Mushroom cultivation has gained popularity in the recent years and has emerged as a promising agro-based land-independent business. The Department of Crop Sciences at the College of Agricultural and Marine Sciences, Sultan Qaboos University (SQU) is offering a course on Mushroom Cultivation to the undergraduate students.
Dr. Rethinasamy Velazhahan from the Department of Crop Sciences at SQU said that this course is designed to provide students with knowledge on biology and cultivation of edible mushrooms. “The students acquire practical knowledge in spawn production and cultivation of edible mushrooms using different locally available materials including date palm leaves, Rhodes grass etc., which help develop confidence in them to take up mushroom production as a self-employment venture”, he said. “The course would give the students hands-on experience and knowledge to grow mushrooms successfully for food and other applications. The students will understand the mushroom cultivation process through experiential learning, applying their new skills directly in on-site grow operation”, he added. Dr. Rethinasamy Velazhahan, Dr. Abdullah Mohammed Al-Sadi and Mr. Yousif Al-Maqbaly from the Department of Crop Sciences at SQU have played a major role in introducing the course on mushroom cultivation and giving hands-on training to the undergraduate students of the college.

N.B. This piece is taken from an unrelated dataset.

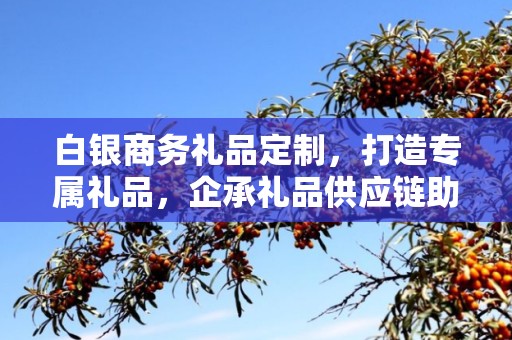 白银商务礼品定制，打造专属礼品，企承礼品供应链助力商务往来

Mushrooms are a good source of protein, non-starchy carbohydrates, dietary fiber, minerals and vitamins such as biotin, folic acid, thiamine, riboflavin, niacin, pantothenic acid, vitamin B6, C and D. Mushrooms contain higher levels of proteins than most vegetables. Furthermore, the proteins present in the mushrooms are of high quality and are rich in essential amino acids. Mushrooms contain no cholesterol and contain negligible quantity of fat. Several mushrooms are active against diabetes, hypertension, cancer, hypercholesterolemic conditions etc. “Furthermore, antioxidant, antigenotoxic, anti-inflammatory, antitumor, antiviral, antithrombotic and immunomodulation properties of mushrooms have been reported”, Dr. Velazhahan said.
Several edible mushrooms such as button mushroom (Agaricus bisporus), shiitake mushroom (Lentinula edodes), oyster mushroom (Pleurotus spp.), paddy straw mushroom (Volvariella volvacea), milky mushroom (Calocybe spp.) and Jew’s ear mushroom (Auricularia sp.) are being cultivated commercially worldwide. White button mushroom is the most popular and commonly consumed mushroom in the world. Button mushroom requires 24±2°C during its vegetative phase (spawn run) and 16-18°C during its reproductive phase and relative humidity of 80-90%. Specially prepared compost is used as substrate for cultivation of button mushroom.
Oyster mushroom (Pleurotus spp.) can grow at temperature ranging from 20-30°C and at a relative humidity of 55-70%. The fruit bodies of this mushroom are shell shaped. Several species of oyster mushrooms including P. sajor-caju, P. citrinopileatus, P. eous, P. ostreatus, P. florida, P. djmor, P. eryngii etc. are being cultivated commercially worldwide. These mushrooms are considered as a functional food, since they provide health benefits in addition to their nutritive value. “Oyster mushroom spawn can be prepared by using cereal grains such as wheat, sorghum, corn etc. Oyster mushrooms can be cultivated on various substrates such as paddy straw, wheat straw, maize stalks/cobs, cotton stalks, sugarcane bagasse, peanut shells, dried grasses, sunflower stalks, used tealeaf waste, saw dust, discarded waste paper etc. Oyster mushroom does not require compost and controlled environmental conditions as in the case of button mushroom”, the researchers said.